但是VR新聞的出現卻能在一定程度上改變這種問題,因為它能夠全方位地窮盡一個新聞現場,還原新聞事件,而過去記者選擇性的報道,刻意的回避什么而強調什么的做法操作起來更困難。而就受眾而言,新聞的沉浸性能夠把受眾帶到“現場”,讓受眾用自己的眼睛去了解事件,捕捉細節,這也避免了因為文字或圖片表達不當或者受制于受眾自身的認知水平引發的歧義或誤讀,新聞的全貌能夠更加完整的展示在用戶眼前,對于事件的是非善惡能夠交給受眾自己來判斷,這對于新聞所追求的專業主義精神、真實客觀的要求一致,也是對新聞理想的進一步逼近。
3 VR新聞可能存在的困境與風險
3.1 VR新聞對新聞要素的“凸顯”與“弱化”
前文提到過,VR新聞能夠更加真實全面的記錄事實,也是對新聞專業主義理想的逼近,但是在新聞細節的“凸顯”和“弱化”方面,媒體發揮的議程設置功能依然不能忽略。例如,英國《衛報》在2016年推出的VR作品《6X9:身臨其境體驗單獨監禁》模擬囚犯被單獨關押在狹小的空間內的壓抑體驗。該作品中某些細節特征則被突出強調,“如墻壁的裂縫、損壞的水池等。有時冗余的細節和環境會十擾對事件主線的判斷,有時具化的細節又會引發倫理問題”。[ 1 ]

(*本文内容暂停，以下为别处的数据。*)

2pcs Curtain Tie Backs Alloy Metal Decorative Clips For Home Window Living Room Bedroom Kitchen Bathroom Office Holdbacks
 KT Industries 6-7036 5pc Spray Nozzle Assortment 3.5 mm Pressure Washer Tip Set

在一定的新聞文本當中,新聞框架可以通過某些關鍵詞、具有引導意義的圖像或者視頻等一系列特定的符號體系來構建,媒介通過新聞的框架來體現出自己的編輯方針、立場態度以及與事件的利益相關性,媒介對于任何新聞事件的報道,框架的存在是一種必然,VR新聞也不例外。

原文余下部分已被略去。